In Minnesota, where corn and soybeans dominate the crop acreage, the exposure of bees may be different. Phil Glogoza, an extension educator for the University of Minnesota at Moorhead, explained: “There’s a body of evidence that contaminated dust during planting time has been shown to affect bees in the corn belt, but it’s an engineering problem.” He said the problem is caused when the pesticide particles blow away from the seed onto hives and bees. The problem can be solved by engineering the pesticide to adhere to the seed or within the planter. He continued, “Corn and soybeans are not exposing bees through pollen and nectar. Let’s find out where risks are being generated and address them (with proper information).”
Koch said a common product used as a seed treatment in soybeans is “Thimethoxam,” produced by the syngenta corporation. A more widely used product is “Imidacloprid,” produced by the Bayer corporation, and it is used on ash trees to treat the emarald ash borer, and on crops, gardens and yards.
Neonicotinoids are a class of insecticides developed in the 1980s as a safer alternative to other classes, like organophosphates, according to Koch. “Neonicotinoids became popular because they were less toxic to humans and the environment. They are very effective when pests are present. If there are plants being attacked by some soil-dwelling pests, it’s too late to apply an insecticide. Seed treatments will protect plants when these types of pests attack. Seed applied neonicotinoids do a good job on wire worms and white grubs (which cannot be controlled with foliar sprays of insecticides). Seed applied treatments provide protection for a certain time; if aphids come in early, the seed treatment may be helpful. If the aphids come later, the farmer will likely have to treat the field with a foliar insecticide. There are alternatives to seed treatments that have their own set of risks. If farmers use alternatives, they may use organophosphates. Studies have shown orgnophosphates are a problem (due to toxicity) for humans” Koch explained.
Glogoza added, “(Neonicotinoid) products will provide protection from soil pests, but beauty is systemic (action of neonicotinoids) protect young plants early in establishment.
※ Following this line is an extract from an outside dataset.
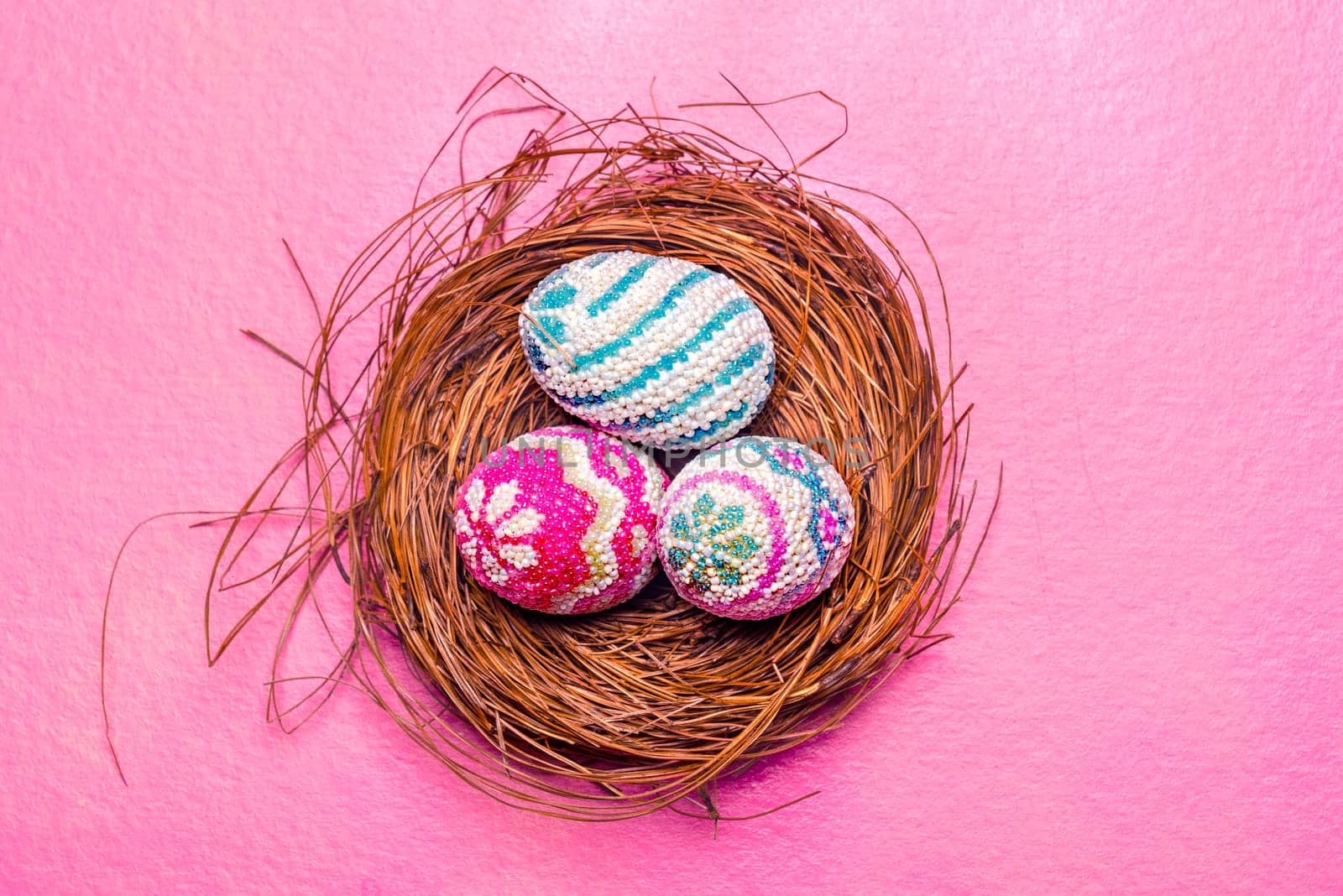 Close up view of Colorful easter eggs in the nest with pink background. Happy Easter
There are reasons to use seed treatments. In other situations, when farmers take an insurance approach (using insecticide in case there’s a pest infestation), there may be an alternative to neonicotinoids. I’ll ask a farmer what the problem is and ‘will treatment justify use?’ Is there a risk which may not be necessary to take.”
The quest is on to understand pollinators and to be sure they continue facilitating a large portion of common foods. If garden zucchinis do not attract a pollinator at flowering time, gardeners can intervene and escort pollen from the anther to the stigma, but this may not be necessary as researchers and beekeepers close in on the causes of colony-collapse-disorder. The effects can possibly be reduced with more abundant and diverse wild flowers, and by engineering the pesticide to adhere to corn and soybean seeds rather than blowing as dust.